It seems this question has been asked so many times, but I don't see an answer that is valid. When creating a workflow for multiple samples to process as a batch....if the first step of your workflow is "Input_Dataset" which is automatically populated by the corresponding sample file when running the workflow for each sample why can't we carry that parameter (i.e. Sample 5) throughout the workflow so that each subsequent step in the workflow would read for example trim on sample 5, bwa on sample 5, flagstat on sample 5? Programmatically it doesn't seem that hard to code this functionality into the workflow user interface, I am I missing something?
Hello,
Dataset names can be inherited using the workflow variable #{dataset_name}. Where dataset_name is the specific name of the input file to the tool. These exact names are presented in the workflow editor when "Re-naming" a dataset (a post-job action option, found in the far right tool parameter/control panel).
You can also specify run-time parameters (one or more) using the variable ${whatever}.
A combination of both sometimes is best when developing a workflow.
The first variable is covered in the wiki below. Making use of the "basename" function (the default), where all content before the first dot "." is preserved, the original name can be propagated through the workflow. Simply make certain that downstream dataset names have just the sample name before the first dot, and all other content following it (ex: the tool/function used).
http://wiki.galaxyproject.org/Learn/AdvancedWorkflow/VariablesEdit
For the second variable, add it to the name string when re-naming a dataset in the workflow editor. It will appear as a variable in the upper right corner of the workflow canvas, then presented to the user at workflow execution run-time, where custom information can be added. This can be a date, a batch identifier, custom sample names (not inherited from inputs), and the like.

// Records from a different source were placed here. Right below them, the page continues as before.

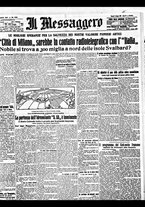 giornale/BVE0664750/1928/n.136/001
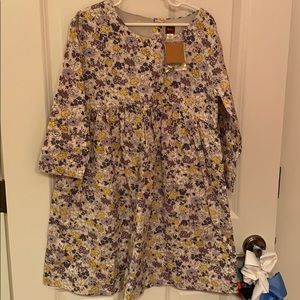 Tea Collection Dress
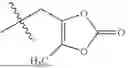 Fig. 54 - RILUZOLE PRODRUGS AND THEIR USE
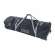 ION 2025 Gearbag Tec Golf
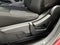 2023 Nissan SENTRA SENTRA ADVANCE T/M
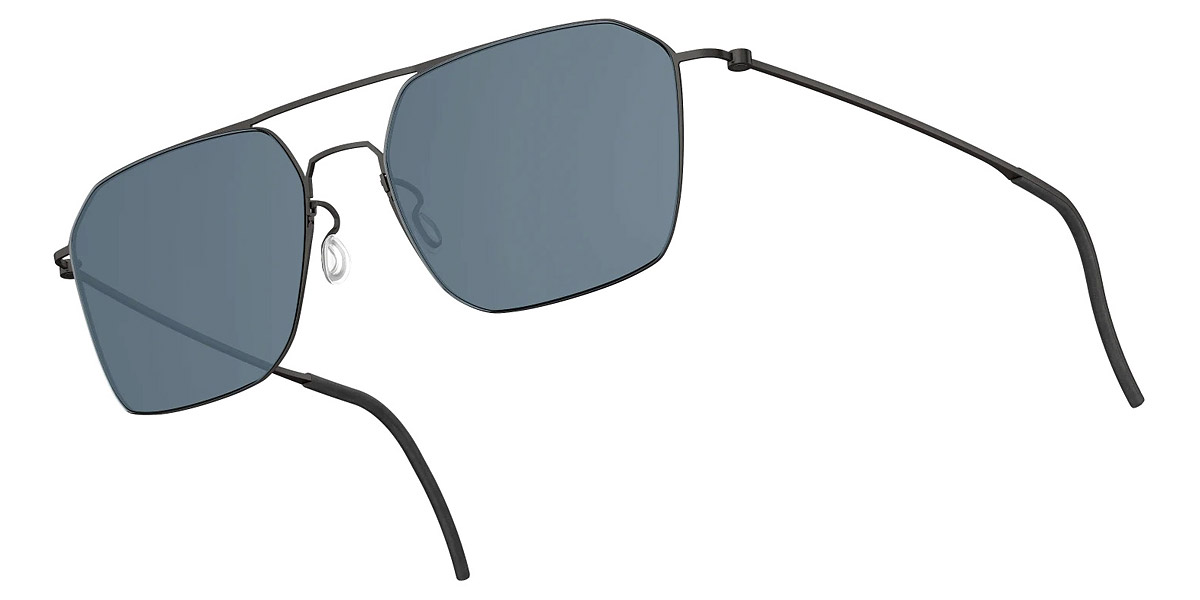 Lindberg™ - 8809 Sun Titanium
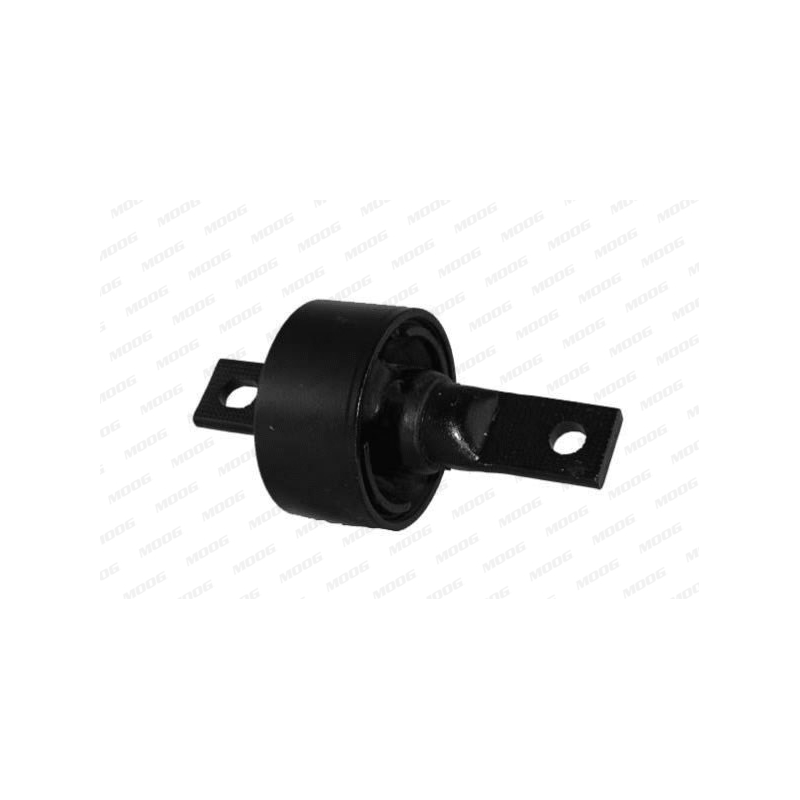 Supporto assale - MOOG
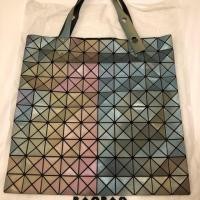 ราคา Used Bao Bao rainbow dark (2345038165)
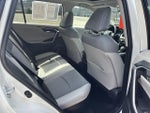 2022 RAV4 Hybrid Thumbnail 19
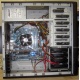 Компьютер Intel Core i7 860 /Gigabyte GA-P55M-UD2 /4Gb /500Gb /ATX 460W (Череповец)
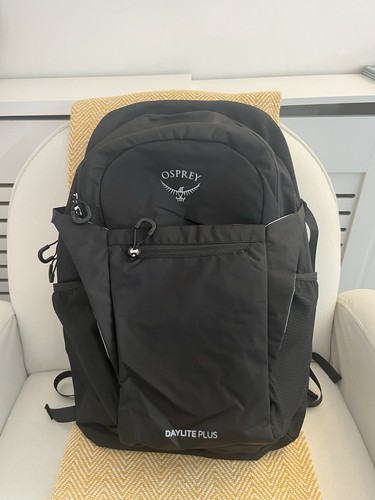 Osprey daylite plus - daylite,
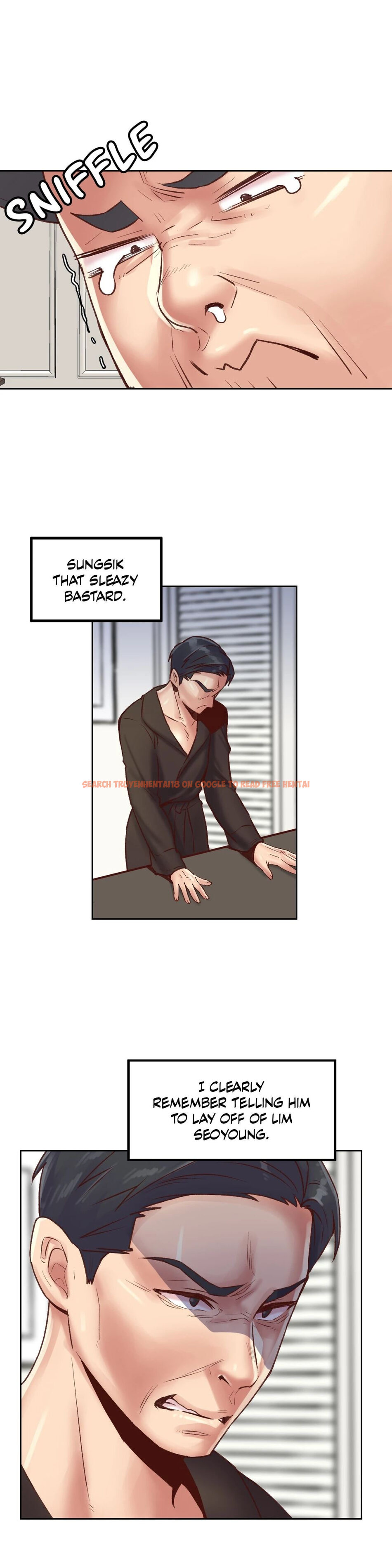 Read Hentai Image 6 533 in comic The Yes Girl - Chapter 84 - hentaitnt.net
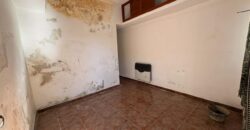 Casa a refaccionar en Barrio Los Manantiales-Carlos Paz en Venta-Vª Carlos Paz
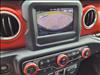 2020 Jeep Wrangler Unlimited Unlimited Rubicon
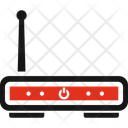 پیش‌نمایش فایل router-13572023 از پک کسب و کار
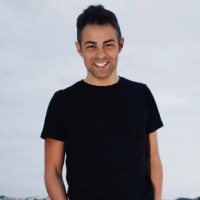Nélio Guimarães Email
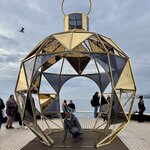 Photo taken by Paulette C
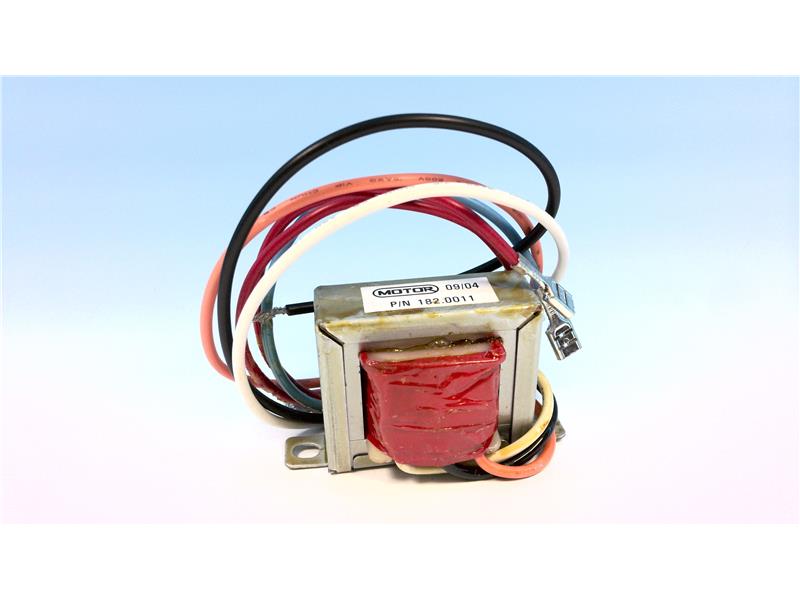 182.0011 by ABB THOMAS & BETTS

Hopefully this helps, Jen, Galaxy team
Hi I have successfully used the advice above to name output files in a long workflows. The trick is to maintain a 'continuous chain' of named datasets passing the input dataset name on to the output dataset. Some tools do not allow you to do this and essentially break your naming chain an example is 'Merge BAM Files'. So you have to choose carefully which tools you need to use. Thanks Guy
Hi Jen,
Thanks for your help. I am now aware of how to utilize workflow parameters and variables as you have discussed and this functionality is certainly helpful. My problem now however is when using a specific tool such as Picard-FastQ to BAM in my workflow there is a parameter within the tool called sample_name and I cannot see a way to reference the input which has the sample name, so this field must be edited manually for each sample. I am dealing with 200 samples/fastq files. I tried entering in #{input_to_tool} in this field but the tool interpreted this an a string literal instead of pointing to the input file. My overall goal is to use GATK tools so it is important to maintain sample_info so that when all of the data is compiled into a single vcf file the data will correspond to the sample.